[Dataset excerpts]
• • • • •

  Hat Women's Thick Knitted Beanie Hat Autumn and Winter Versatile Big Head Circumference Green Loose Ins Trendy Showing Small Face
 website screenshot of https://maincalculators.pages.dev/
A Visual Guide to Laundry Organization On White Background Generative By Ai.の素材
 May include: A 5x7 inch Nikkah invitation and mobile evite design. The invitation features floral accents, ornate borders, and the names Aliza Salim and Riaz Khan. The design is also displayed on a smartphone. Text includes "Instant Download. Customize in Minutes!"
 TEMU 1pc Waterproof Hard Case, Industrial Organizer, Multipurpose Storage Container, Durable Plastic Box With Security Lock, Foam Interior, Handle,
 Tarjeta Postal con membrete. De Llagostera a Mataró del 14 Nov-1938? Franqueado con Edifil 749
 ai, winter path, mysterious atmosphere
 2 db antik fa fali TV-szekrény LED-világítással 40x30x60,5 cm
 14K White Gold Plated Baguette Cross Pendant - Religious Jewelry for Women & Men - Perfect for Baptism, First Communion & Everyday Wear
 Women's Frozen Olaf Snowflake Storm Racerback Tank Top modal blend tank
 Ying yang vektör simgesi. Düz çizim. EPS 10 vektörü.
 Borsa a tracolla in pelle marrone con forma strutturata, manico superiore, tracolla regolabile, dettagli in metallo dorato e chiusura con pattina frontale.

• • • • •

What you will do: All of the records need to be returned exactly as they are.

Answer space:
  Hat Women's Thick Knitted Beanie Hat Autumn and Winter Versatile Big Head Circumference Green Loose Ins Trendy Showing Small Face
 website screenshot of https://maincalculators.pages.dev/
A Visual Guide to Laundry Organization On White Background Generative By Ai.の素材
 May include: A 5x7 inch Nikkah invitation and mobile evite design. The invitation features floral accents, ornate borders, and the names Aliza Salim and Riaz Khan. The design is also displayed on a smartphone. Text includes "Instant Download. Customize in Minutes!"
 TEMU 1pc Waterproof Hard Case, Industrial Organizer, Multipurpose Storage Container, Durable Plastic Box With Security Lock, Foam Interior, Handle,
 Tarjeta Postal con membrete. De Llagostera a Mataró del 14 Nov-1938? Franqueado con Edifil 749
 ai, winter path, mysterious atmosphere
 2 db antik fa fali TV-szekrény LED-világítással 40x30x60,5 cm
 14K White Gold Plated Baguette Cross Pendant - Religious Jewelry for Women & Men - Perfect for Baptism, First Communion & Everyday Wear
 Women's Frozen Olaf Snowflake Storm Racerback Tank Top modal blend tank
 Ying yang vektör simgesi. Düz çizim. EPS 10 vektörü.
 Borsa a tracolla in pelle marrone con forma strutturata, manico superiore, tracolla regolabile, dettagli in metallo dorato e chiusura con pattina frontale.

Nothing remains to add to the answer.